All of the entries below need repeating exactly, apart from their images.

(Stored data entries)
----------------

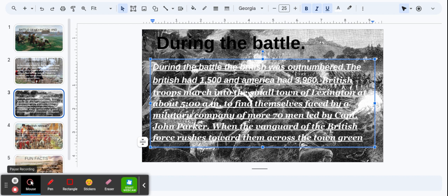British troops marched out to the small town of Lexington at about 5 a.m. to find themselves faced by a military company of more than 70 men led by Captain John Parker. When the vanguard of the British force rushed towards them across the town green, the British retreat.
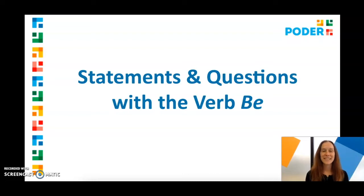Hello, I'm Sarah from Podair. Today, we're going to look at statements and different kinds of questions with the verb be.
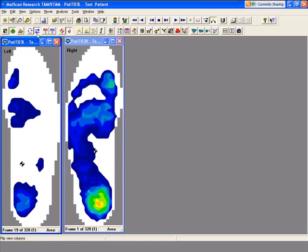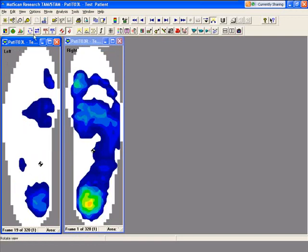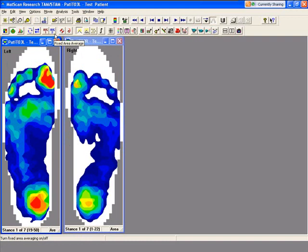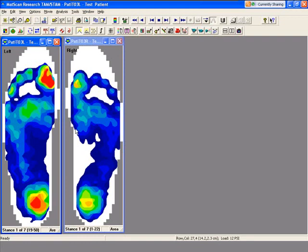Now we're going to look at the average 1 and average 2 feature. What average 1 does is it averages the whole sensor, even dead zones. You'll notice there's a dead zone here and a dead zone there where there isn't any pressure.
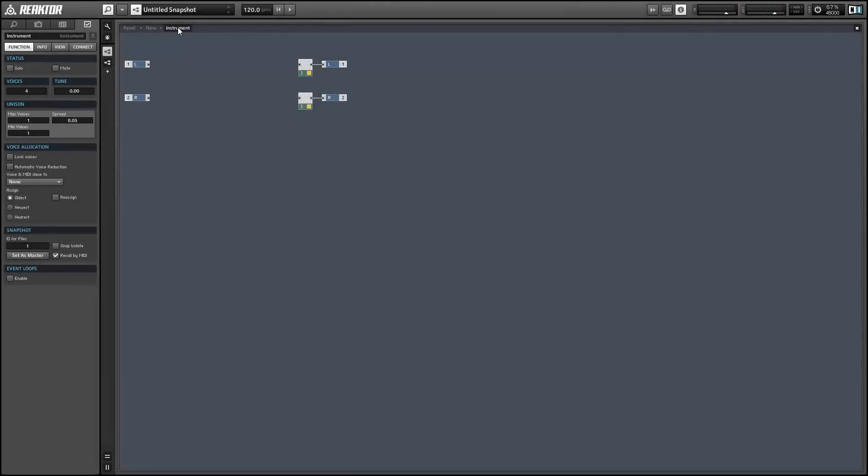Hey guys, this is Salamander Anagram with ReactorTutorials.com. In this video I'll show you a simple way to control filters using a mouse area.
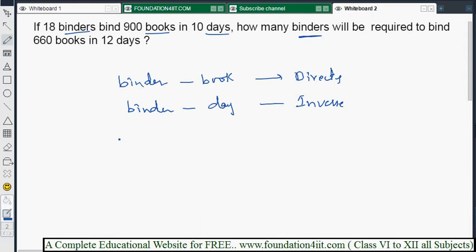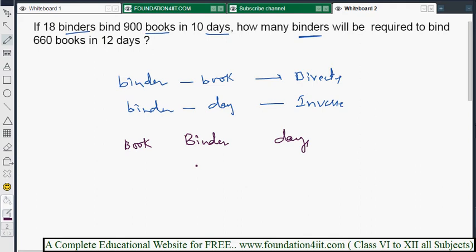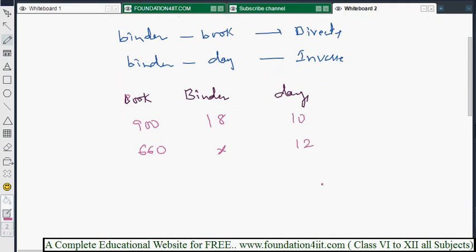If more binders are there, the number of days will be reduced — that is inverse variation. Now make the statement with the three factors, with binders in the center, then books, then days. First statement: 18 binders, 900 books, 10 days. Second statement: x binders, 660 books, 12 days. Since binders to books is direct, keep a cross line. Since binders to days is inverse, keep a straight line.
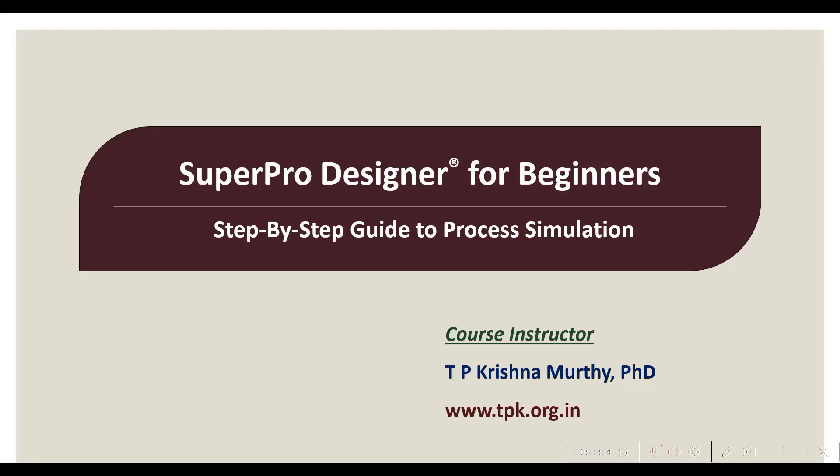Namaste, welcome to tutorial series on Super Pro Designer for Beginners, a step by step guide to process simulation.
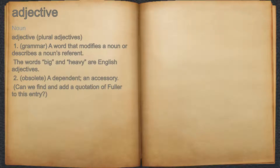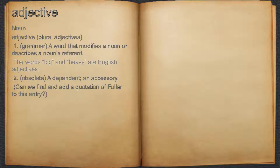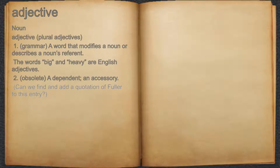Adjective. Noun. 1. Grammar: a word that modifies a noun or describes a noun's referent. For example, the words 'big' and 'heavy' are English adjectives. 2. Obsolete: independent; an accessory. For example, can we find and add a quotation of Fuller to this entry?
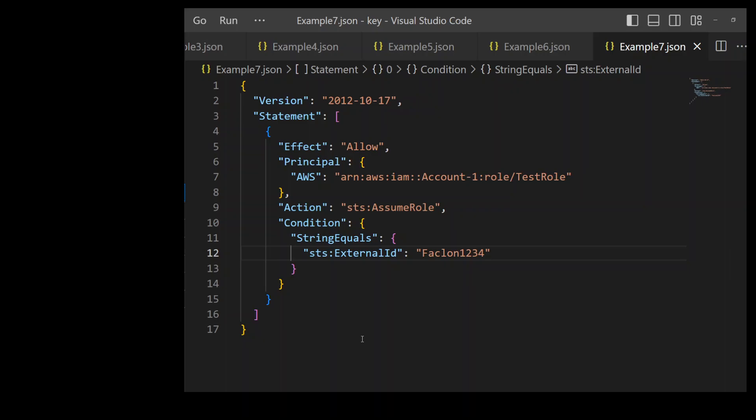And so in order for that provider, the third party provider to assume the role in your own account, you can establish trust between your account and that provider in a trust policy by using this external ID as on line number 12. So that provider will give you an external ID with the role and you will be using that. That will ensure that the call to assume this role is coming from that provider.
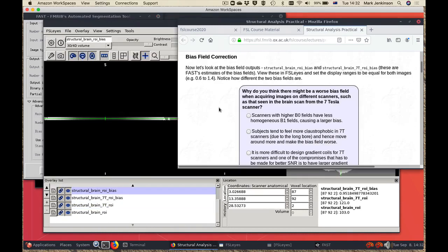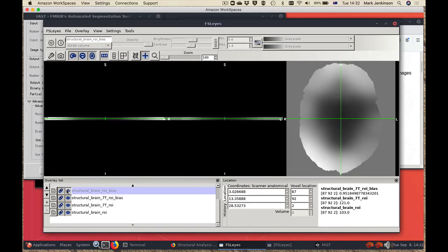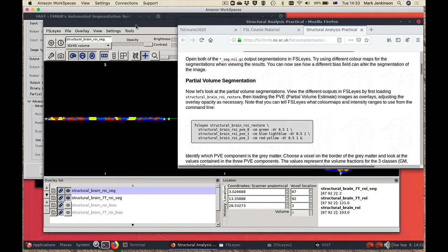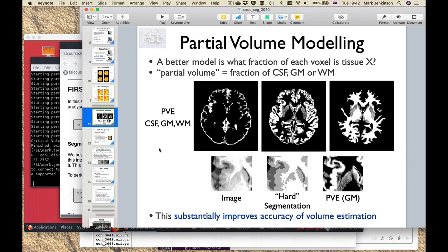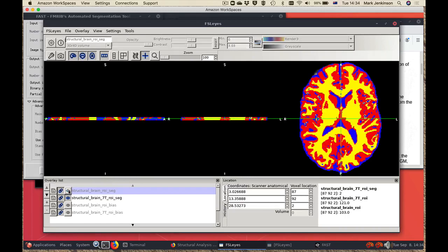Once that's finished we're going to look at the bias estimates that it outputs. These two are very different — one was estimated on the 7T, the other on the 3T. We've set the minimum and maximum display range to be the same in each case, which is helpful when looking at images with quantitative values. After that we'll look at the segmentations. This part relates to looking at both the hard segmentation, which is the underscore seg output, and the partial volume estimates, which are underscore PVE, where you would see three different outputs. The hard segmentations should look something like this and you can see they're substantially different.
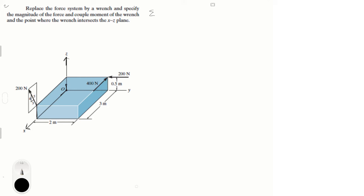The first step with all these problems is always to find the sum of the forces. The sum of the forces are given by the X component and Z component of this 200 newton force, then the 400 newton force and the 200 newton force. I'm going to call this force A and this point A, this force B and this point B, and this force C and this point C.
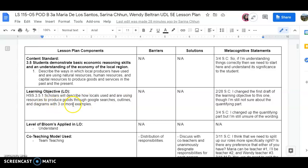Here is our level of Bloom's taxonomy, which we chose understand because in our content standard right here where I'm scrolling over, it relates to understanding and that's why we chose that level of Bloom's taxonomy.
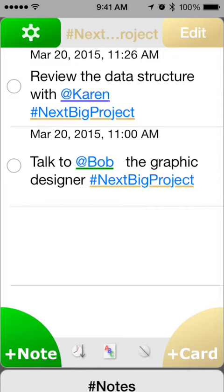That's the basics of Hashtag Notes. You can find a lot more in the help section. I hope you enjoy it. Thank you.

----------------

* _RESULT OF THIS EXERCISE_:
British troops marched out to the small town of Lexington at about 5 a.m. to find themselves faced by a military company of more than 70 men led by Captain John Parker. When the vanguard of the British force rushed towards them across the town green, the British retreat.
Hello, I'm Sarah from Podair. Today, we're going to look at statements and different kinds of questions with the verb be.
Now we're going to look at the average 1 and average 2 feature. What average 1 does is it averages the whole sensor, even dead zones. You'll notice there's a dead zone here and a dead zone there where there isn't any pressure.
Hey guys, this is Salamander Anagram with ReactorTutorials.com. In this video I'll show you a simple way to control filters using a mouse area.
If more binders are there, the number of days will be reduced — that is inverse variation. Now make the statement with the three factors, with binders in the center, then books, then days. First statement: 18 binders, 900 books, 10 days. Second statement: x binders, 660 books, 12 days. Since binders to books is direct, keep a cross line. Since binders to days is inverse, keep a straight line.
Namaste, welcome to tutorial series on Super Pro Designer for Beginners, a step by step guide to process simulation.
Adjective. Noun. 1. Grammar: a word that modifies a noun or describes a noun's referent. For example, the words 'big' and 'heavy' are English adjectives. 2. Obsolete: independent; an accessory. For example, can we find and add a quotation of Fuller to this entry?
And so in order for that provider, the third party provider to assume the role in your own account, you can establish trust between your account and that provider in a trust policy by using this external ID as on line number 12. So that provider will give you an external ID with the role and you will be using that. That will ensure that the call to assume this role is coming from that provider.
Once that's finished we're going to look at the bias estimates that it outputs. These two are very different — one was estimated on the 7T, the other on the 3T. We've set the minimum and maximum display range to be the same in each case, which is helpful when looking at images with quantitative values. After that we'll look at the segmentations. This part relates to looking at both the hard segmentation, which is the underscore seg output, and the partial volume estimates, which are underscore PVE, where you would see three different outputs. The hard segmentations should look something like this and you can see they're substantially different.
The first step with all these problems is always to find the sum of the forces. The sum of the forces are given by the X component and Z component of this 200 newton force, then the 400 newton force and the 200 newton force. I'm going to call this force A and this point A, this force B and this point B, and this force C and this point C.
Here is our level of Bloom's taxonomy, which we chose understand because in our content standard right here where I'm scrolling over, it relates to understanding and that's why we chose that level of Bloom's taxonomy.
That's the basics of Hashtag Notes. You can find a lot more in the help section. I hope you enjoy it. Thank you.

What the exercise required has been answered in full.